BEGIN DATA SHOWN
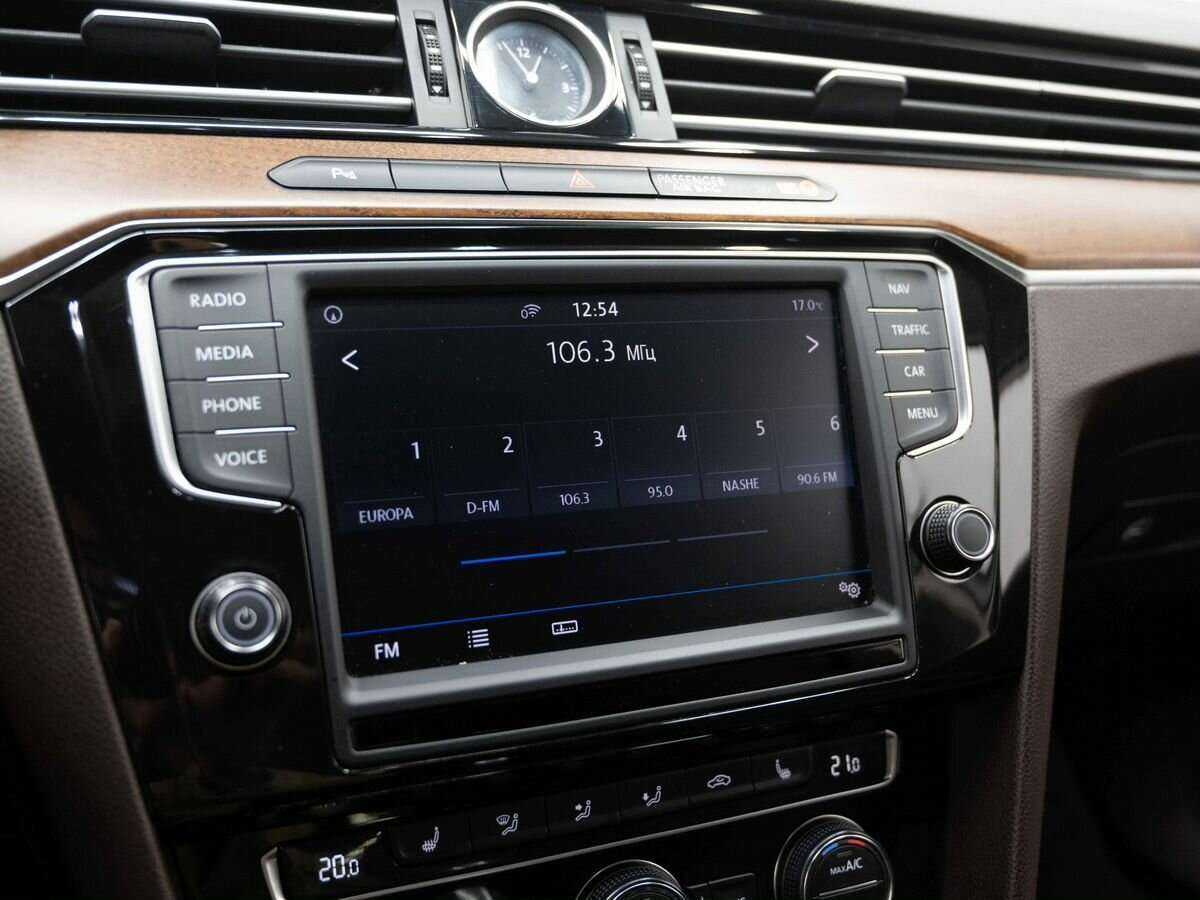 Купить Volkswagen Passat, 2016, 148 660 км, фото №21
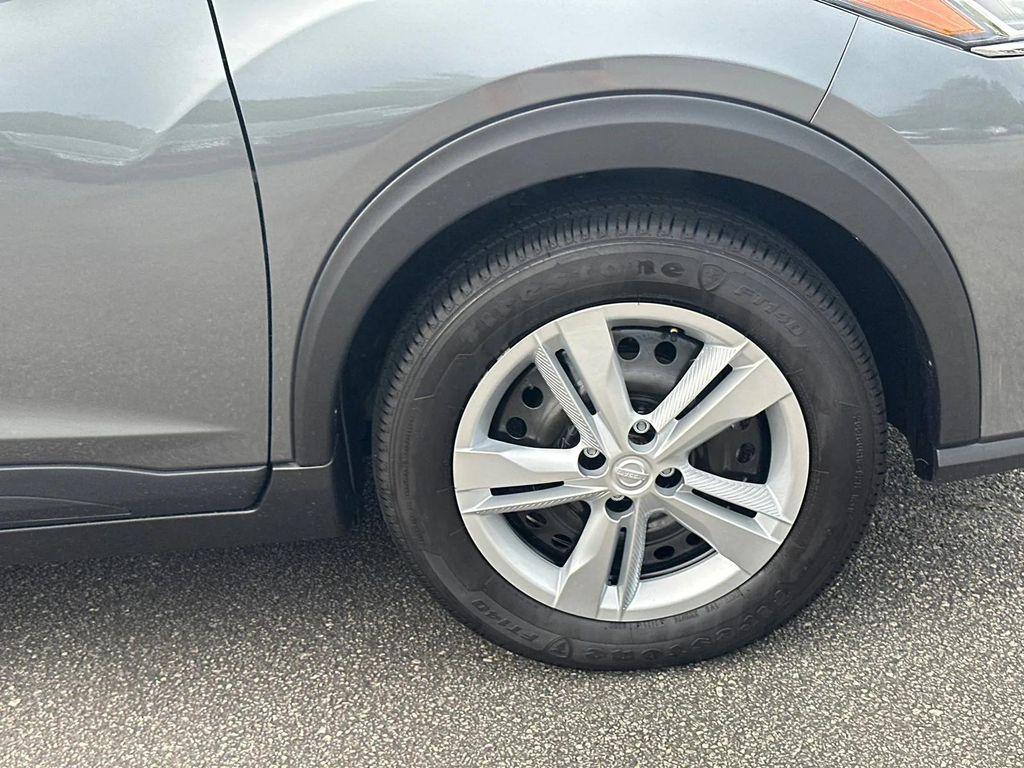 new 2025 Nissan Kicks car, priced at $21,550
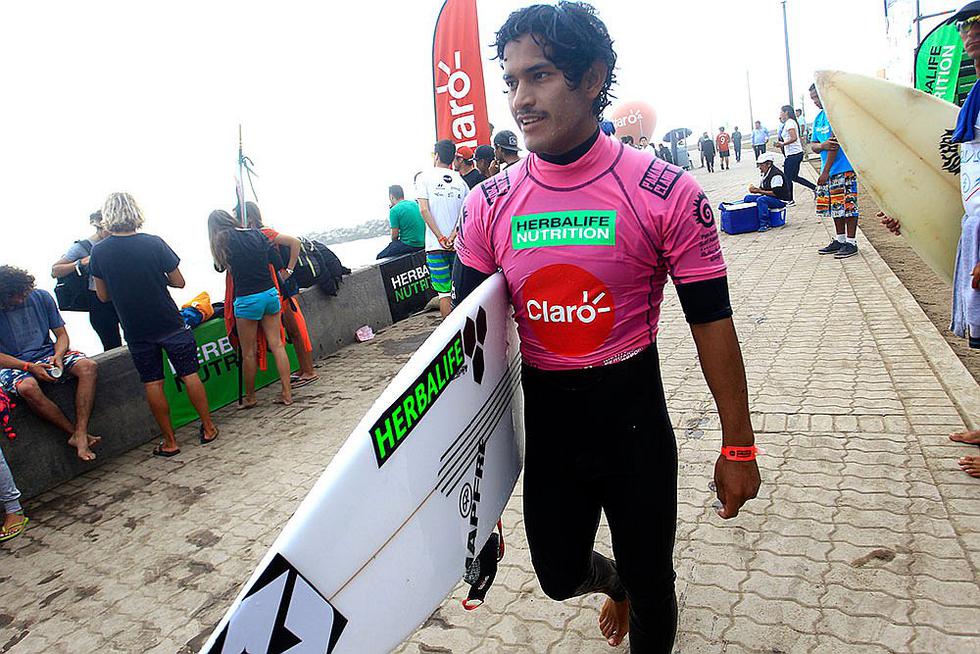 Surfistas peruanos se imponen en Open Varones y avanzan en los Juegos Panamericanos de Surf Claro Open 2016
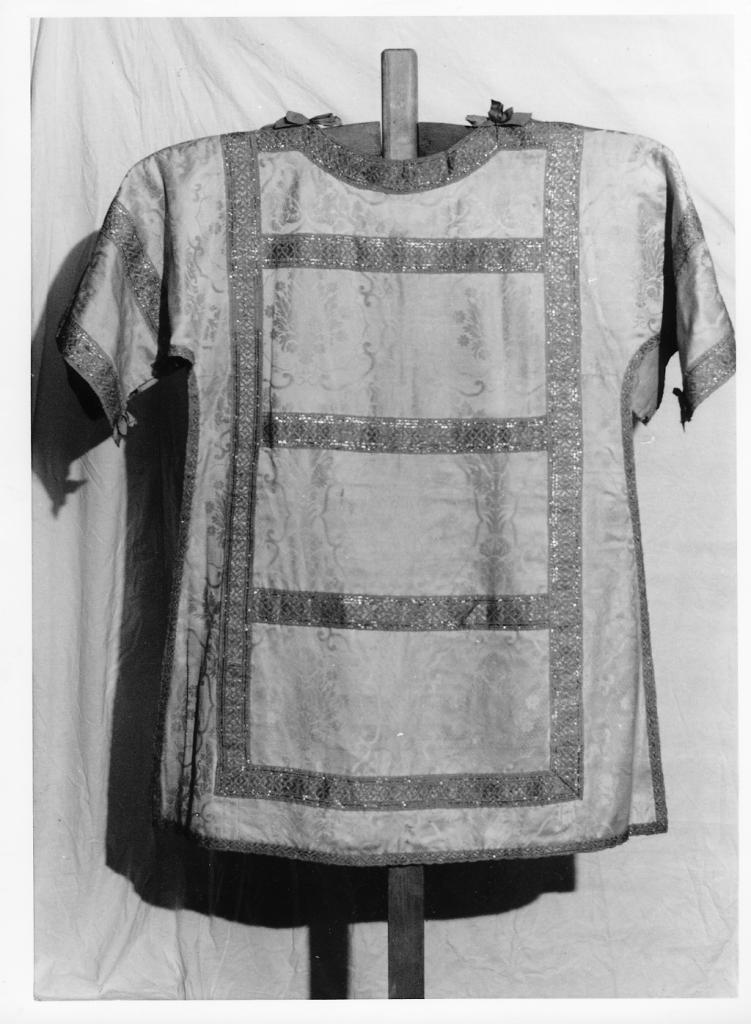 dalmatica - manifattura italiana (primo quarto sec. XX)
END DATA SHOWN
- _THE PROBLEM_
Write out the data above in full and exactly, but without the pictures.

- _EXERCISE SOLUTION_
 Купить Volkswagen Passat, 2016, 148 660 км, фото №21
 new 2025 Nissan Kicks car, priced at $21,550
 Surfistas peruanos se imponen en Open Varones y avanzan en los Juegos Panamericanos de Surf Claro Open 2016
 dalmatica - manifattura italiana (primo quarto sec. XX)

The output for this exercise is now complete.